Paris, 12 novembre 1839
AM. Pauthier
Vol. 1, p. 161
Monsieur Pauthier, je dépose chez votre concierge, avec la présente, un exemplaire imprimé de mon Discours sur le Dimanche, que j’ai fait tirer à deux cents exemplaires, pour mes amis et pour tous les hommes de bonne volonté que je puis connaître. J’ai moins voulu entretenir le public de mes rapsodies que recueillir les observations et les critiques des vrais philosophes et des gens de cœur. L’Académie de Besançon a loué le style de mon Mémoire, ainsi que l’imagination et le talent de l’auteur ; mais elle a blâmé la doctrine. D’autres personnes ont été, sur les deux points, d’un avis tout contraire, admettant les idées et trouvant beaucoup à redire à la forme. J’ai dessein de corriger et de retravailler beaucoup cet Essai, que je regarde comme mon programme. Je vous aurais donc une grande obligation si vous consentiez à faire parvenir à M. Tissot, votre ami, un exemplaire de cette brochure et de lui recommander l’auteur et l’ouvrage.

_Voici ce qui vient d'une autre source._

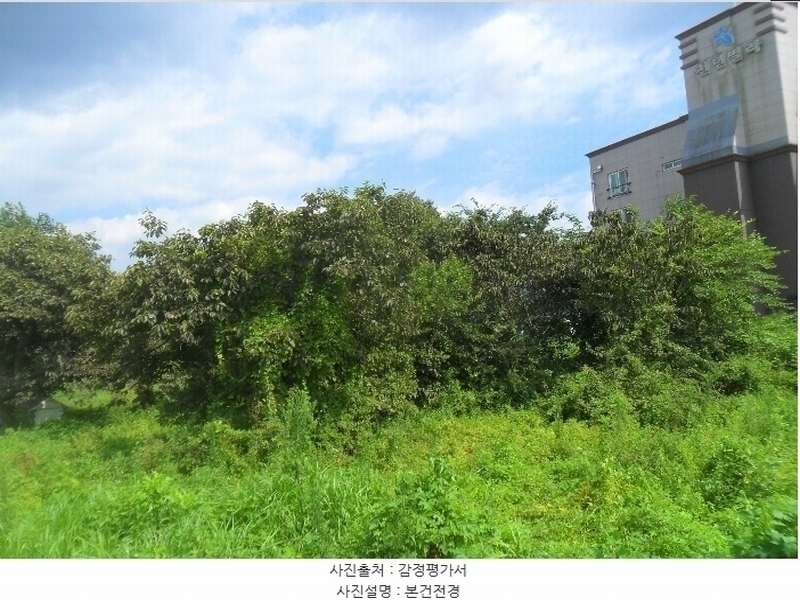 2024타경102673 경상남도 함안군 함안면 봉성리 1024-1 농지 경매 이미지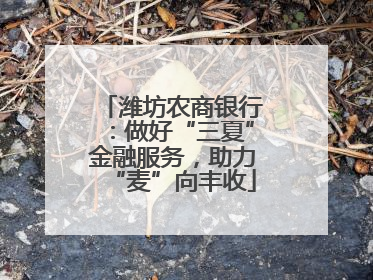 潍坊农商银行：做好“三夏”金融服务，助力“麦”向丰收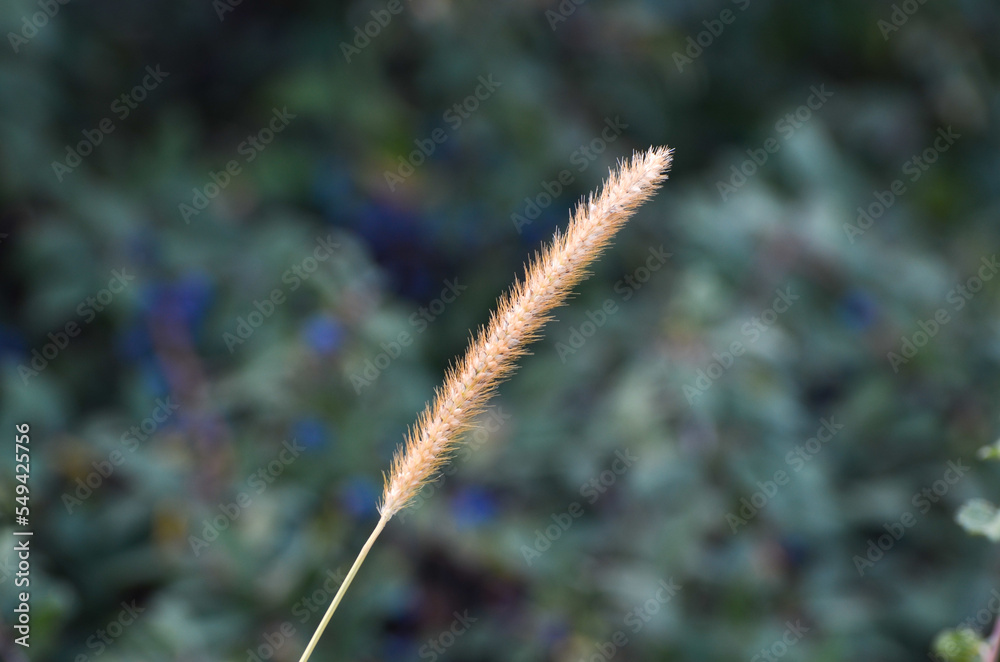 Obraz premium Grain stick on green background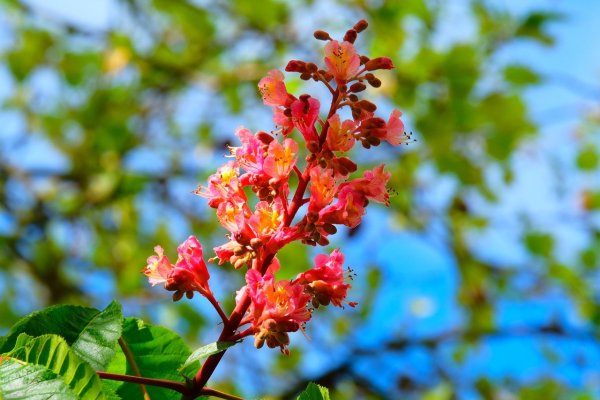 Конский каштан восьмитычинковый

Je n’ai pu me défendre d’un certain mouvement de vanité en apprenant que M. Daudon, couronné par l’Académie, et dont j'avais l’honneur d’être le concurrent, était M. Tissot, professeur de philosophie à Dijon. Cependant, je serais fâché que M. Tissot pût croire que je mets en comparaison sa science et ma médiocrité, et que la publication de mon discours vient d’un autre sentiment que du désir de provoquer l’attention des hommes éclairés sur des idées que je m’obstine encore à croire vraies et utiles. M. Tissot est philosophe et de plus savant et grand érudit, et je ne suis qu’un pauvre apprenti ; mais nous sommes compatriotes, et j’espère, comptant sur votre bienveillante intercession, qu’il daignera me lire et m’envoyer ses critiques.
Je suis logé, provisoirement, rue Jacob, 16. Faites-moi connaître votre retour.